Saharan red dust and pollution choke Britain

Red alert: How serious are pollution levels in the UK?

A toxic mix of North African dust and air pollution has led to severe government health warnings in the UK. Will it all blow over by the weekend or is the threat more serious?

People across the UK woke up this week to find a strange red powder covering their houses and cars; even the prime minister’s received a thin coating. Dust all the way from the Sahara desert arrived in Europe, mixing with European emissions to cause dangerously high levels of air pollution.

In north-west Norfolk, the environment department Defra recorded the highest possible level on its scale, and much of East Anglia and the East Midlands were also at risk. Adults and children with lung and heart problems were urged not to do any strenuous outdoor activity.

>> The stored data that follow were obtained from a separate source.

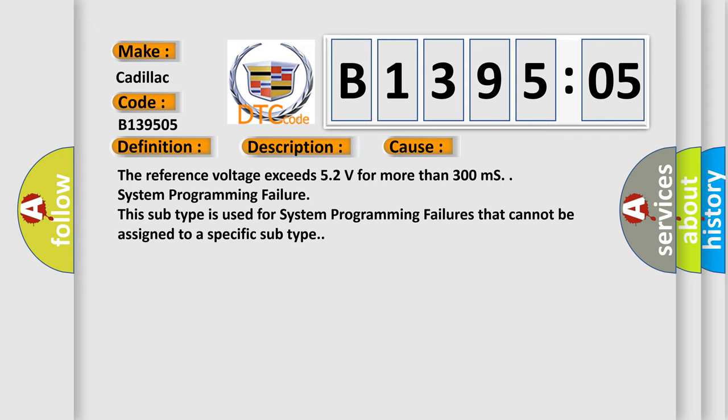The reference voltage exceeds 5.2 volts for more than 300 ms. System programming failure. This subtype is used for system programming failures that cannot be assigned to a specific subtype.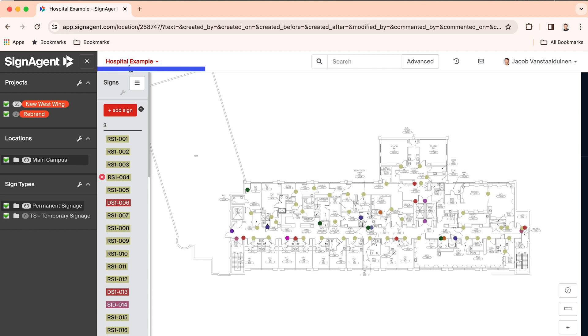As you can see, the location plan is below, showing where each sign is located within your facility. Let's work our way through the left-hand sidebar.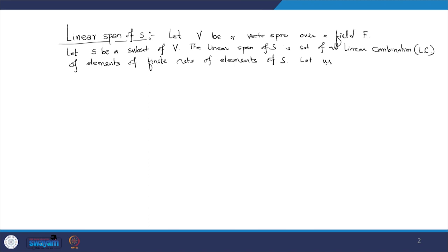The linear span of a subset of a vector space is defined as follows. If V is a vector space over the field F, and S is a subset of V, then the linear span of S is the set of all linear combinations of finite sets of elements of S. We denote the linear span of S as L(S).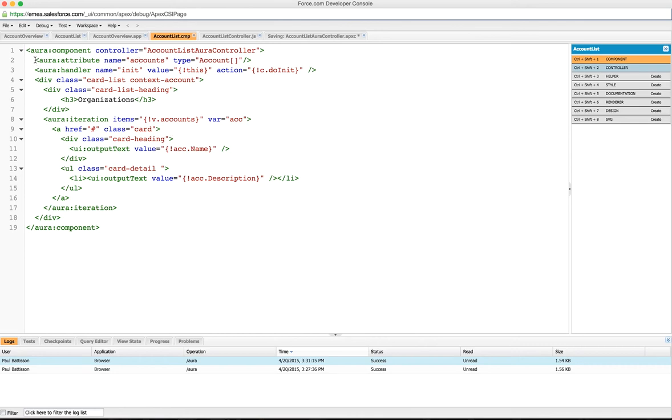The first thing we define is an Aura attribute called accounts. That's going to hold a list of account objects, and they're going to be the accounts we're going to display in our list.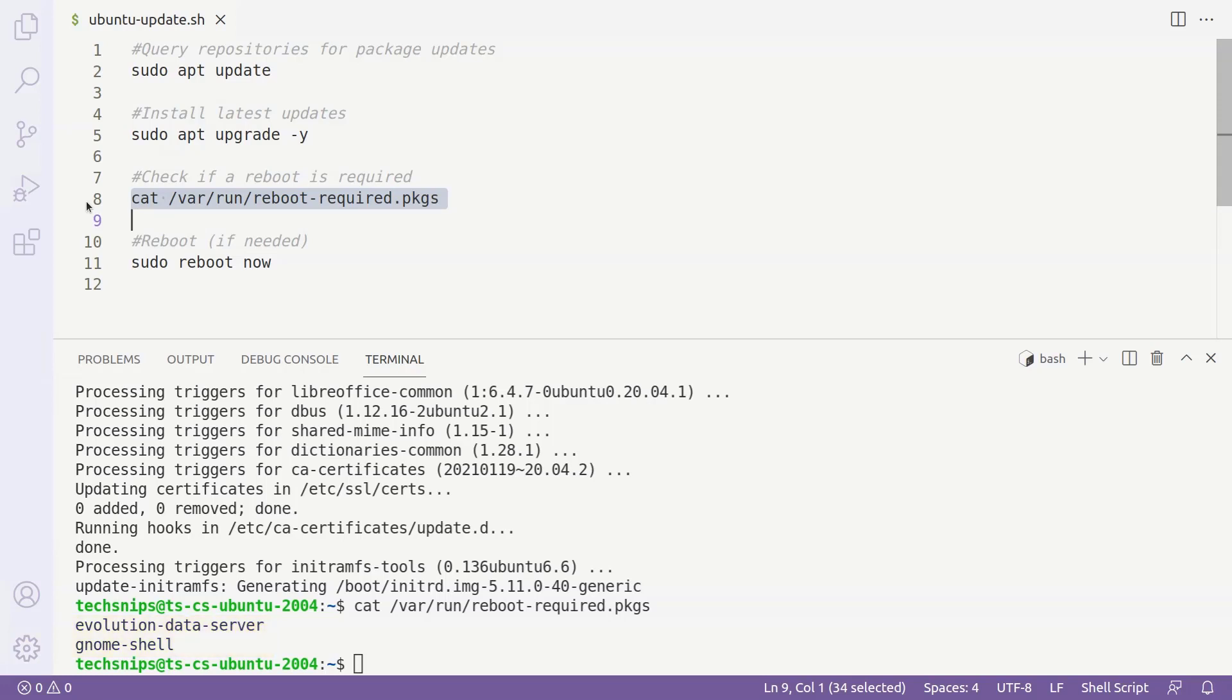We'll just type sudo reboot now and hit enter, and our Ubuntu system will finish the updates and be back up and running in no time. And that's all there is to it. Thanks for watching.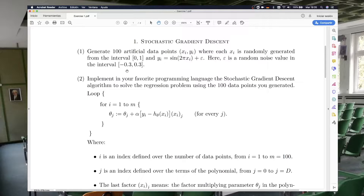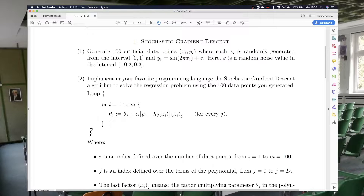After you have generated these points, you will need to implement the stochastic gradient descent. This is a simple algorithm but it can be confusing the first time. First, you have an outer loop — this can be implemented as a for loop — and you can run it for, say, 5,000 to 10,000 iterations depending on your data and parameters. Then you get an inner loop that goes from i equals 1 to m, where m is the total number of points. In this exercise you will be working with 100 points, so this goes from 1 to 100. The index i is an index over the number of data points.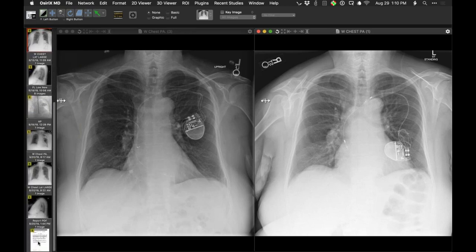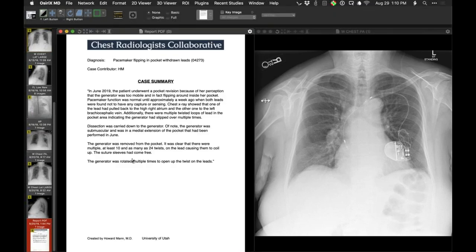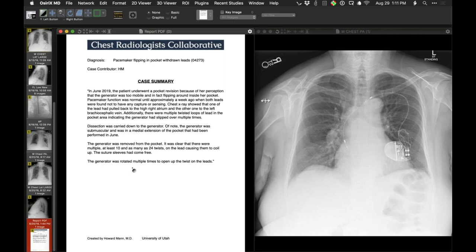In this patient, as you'll see from the description, it's likely that in this very capacious pocket, the pacemaker just turned around itself in everyday life — when you walk around, lie down, get up, sit. If the pocket is really very capacious, the pacemaker device can flip around. The generator, mobile in fact, flipping around inside the pocket. You can see there was a medial extension of the pocket performed in June, and even the suture sleeves had come free. A very capacious subcutaneous space allowed the pacemaker to turn around, which had to be fixed.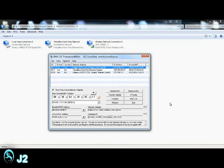The MAC address is the number or address of your network interface card. A spoofed MAC address is useful when you want to attack or hack someone else's network. This is also helpful for bypassing a network firewall which only allows certain MAC addresses to access.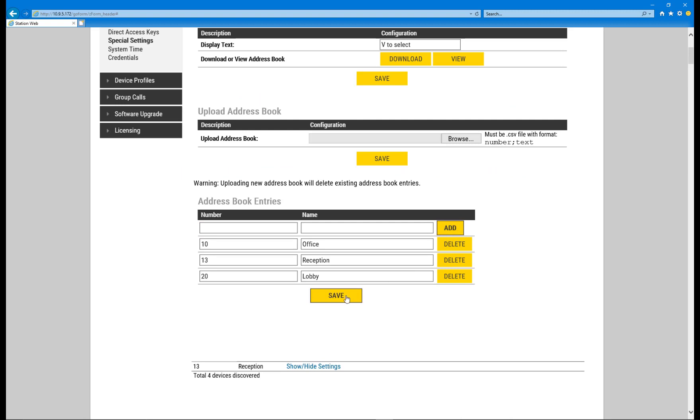By pressing save, the configuration is automatically pushed to the stations and applied to immediately take effect.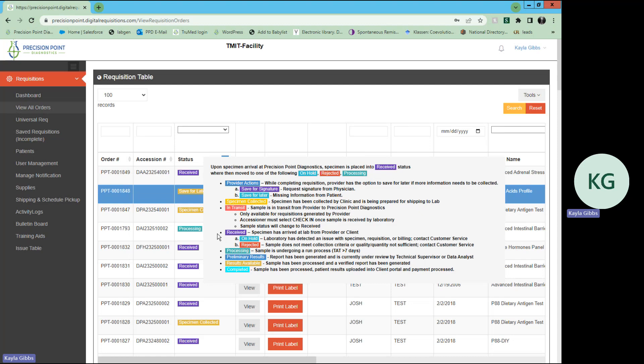Once the specimen is received at Precision Point, whether it is a digital requisition or a paper requisition, it will go into received status, which means that it has arrived from the provider or the client to our lab. From there, it will go either on hold, it will be rejected, or the sample will be processing.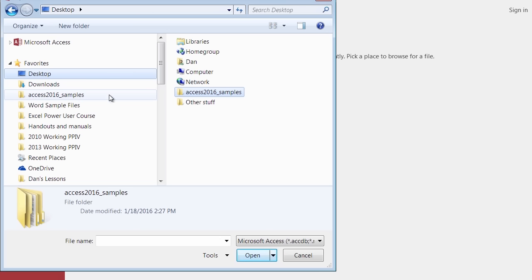The advantage is that the next time I need to go to Access 2016 samples, it will be sitting right here and I can get to it with a single click. I recommend you take a moment and do that — go to File in Access, then Open, navigate to your Access 2016 samples on the desktop, grab the folder and drag it over to the favorites area. Then we'll come back and open a file named Northwind.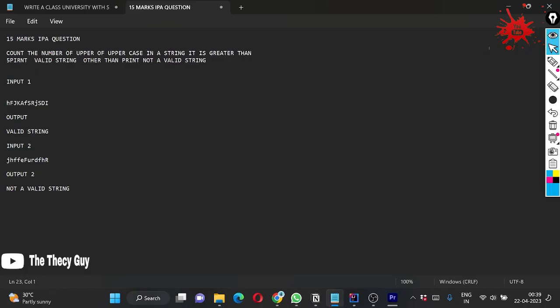Hello guys, welcome back to the channel The Techy Guy. Today we are solving the 15 marks question of IPA which came in Accenture's first attempt. The question is simple: you just have to count the number of uppercase letters in the string. If it is greater than 5, then we have to print 'valid string', otherwise we have to print 'invalid string'.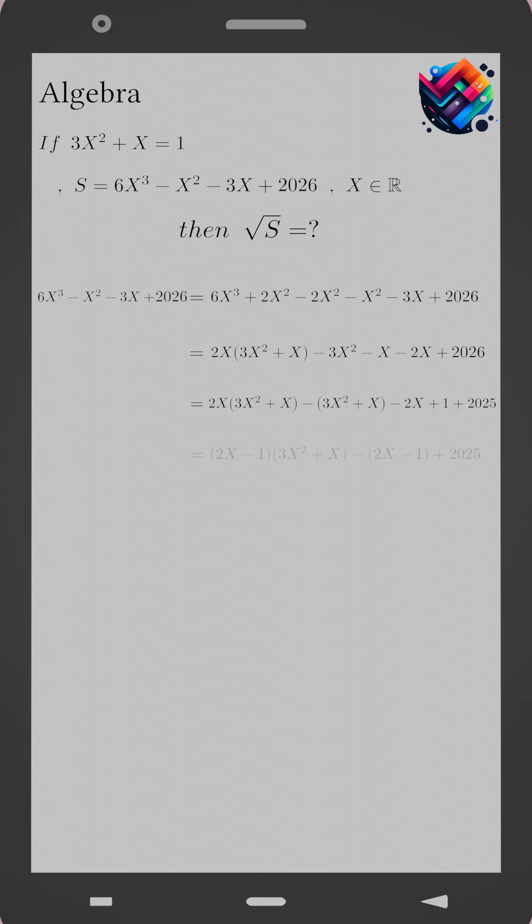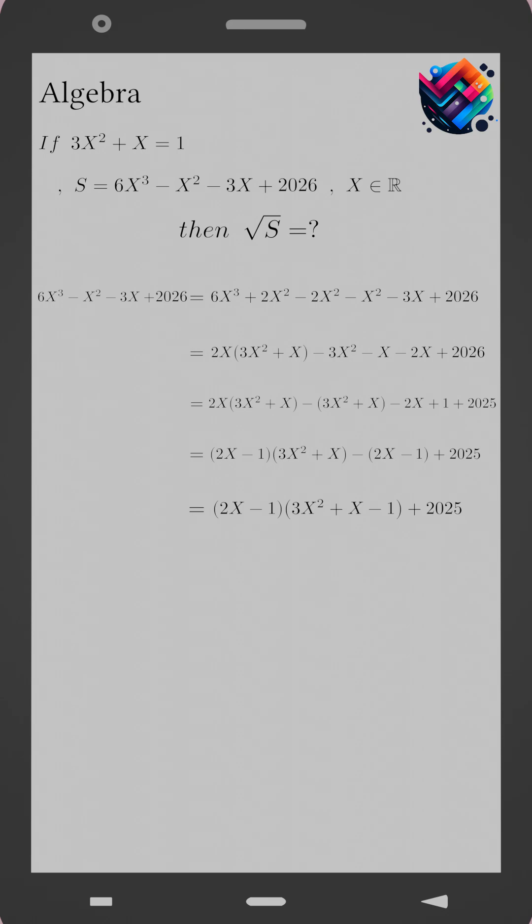Now factor again: 2x minus 1 times 3x squared plus x, minus 2x minus 1, plus 2025. This allows us to factor one last time: 2x minus 1 times 3x squared plus x minus 1, plus 2025.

It is not uncommon for Saharan dust to end up in Europe and it happens naturally several times a year. Wind lifts it from the desert up into the clouds, where it is trapped in rain particles and then swept by high winds around the world. The dust provides vital fertiliser for oceans and even the Amazon rainforest.

But when it mixes with air pollution, caused by cars and heavy industry, it can have a serious effect on our health.

Air pollution is the world’s single biggest environmental health risk, says the World Health Organisation and contributes to around seven million deaths a year, mostly from heart and lung disease. Governments around the globe are coming under increasing pressure to reduce it, with varying degrees of success.

Last month, Parisian motorists were banned from driving on certain days, based on whether their car registration plates ended in an odd or even number, and public transport was made free to all. French ministers were forced to take action after air pollution levels exceeded safe levels for five days in a row.

According to the environment ministry, the reduced traffic and a change in weather conditions significantly improved the smog, although plenty of Parisians flouted the ban.

The perfect storm

How worried should we be about this pollution? The environment agency says a shift in the weather by the end of the week will help bring pollutant levels down, and many say that the natural movements of the Saharan dust, which occur every year, are responsible anyway. Besides, the risk to healthy adults is minimal, and the danger will have blown over by the weekend.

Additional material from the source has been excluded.